**EXERCISE GOAL**
Your response to the data below should hold nothing except the lines from the one containing "ウィルズ(4482)の日足チャート" down to the one containing "Calcul du Net Promoter Score (NPS)", reproduced exactly and without pictures.

**DATA SHOWN**
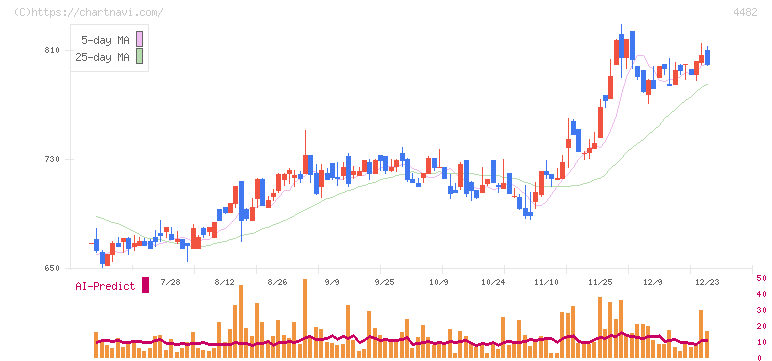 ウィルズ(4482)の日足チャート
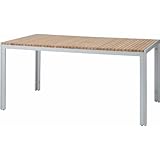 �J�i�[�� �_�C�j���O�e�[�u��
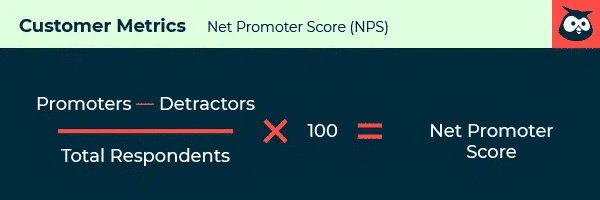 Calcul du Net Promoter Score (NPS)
--
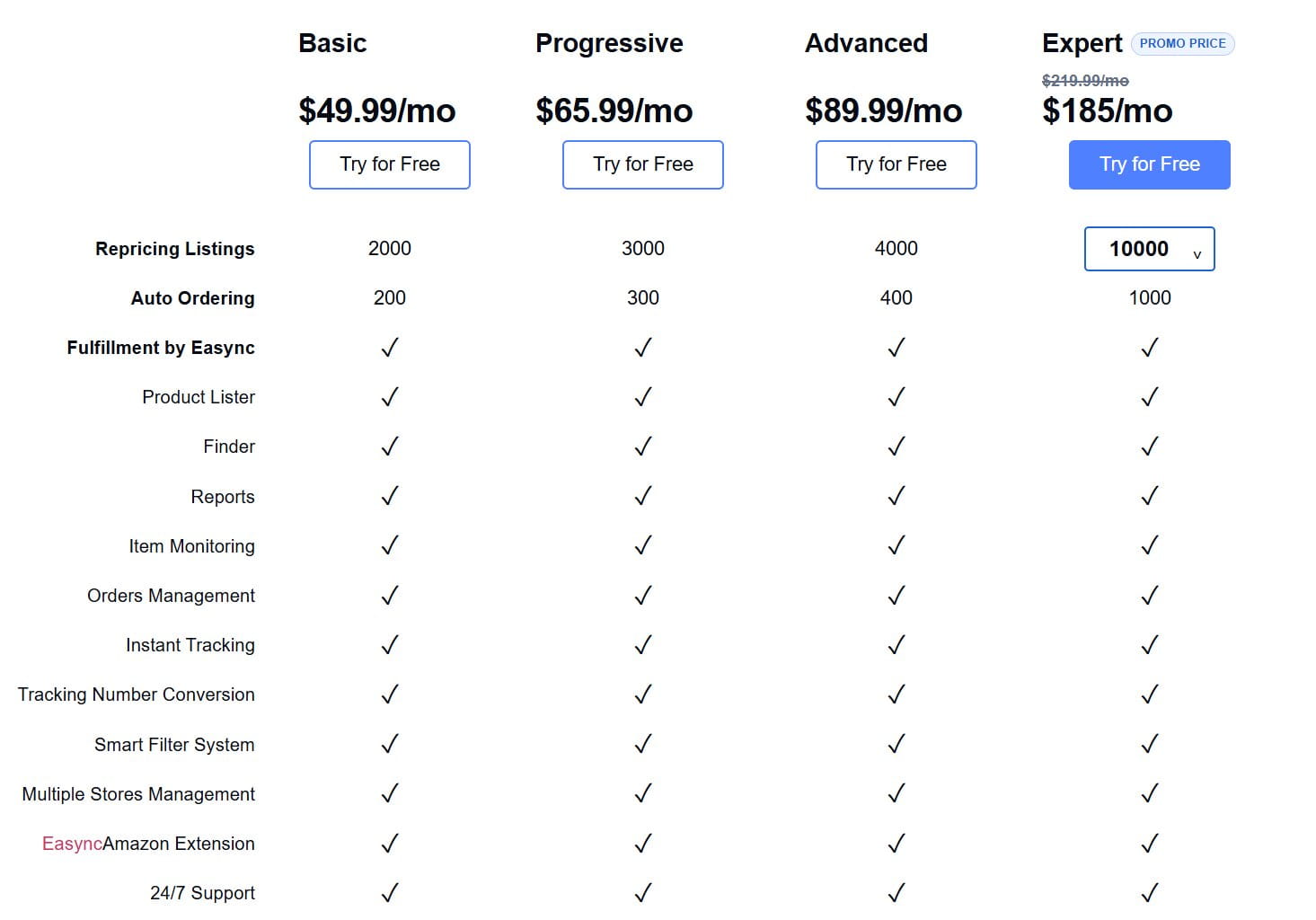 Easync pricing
--
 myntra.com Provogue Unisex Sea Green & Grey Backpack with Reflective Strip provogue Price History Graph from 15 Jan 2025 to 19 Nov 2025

**REPLY**
 ウィルズ(4482)の日足チャート
 �J�i�[�� �_�C�j���O�e�[�u��
 Calcul du Net Promoter Score (NPS)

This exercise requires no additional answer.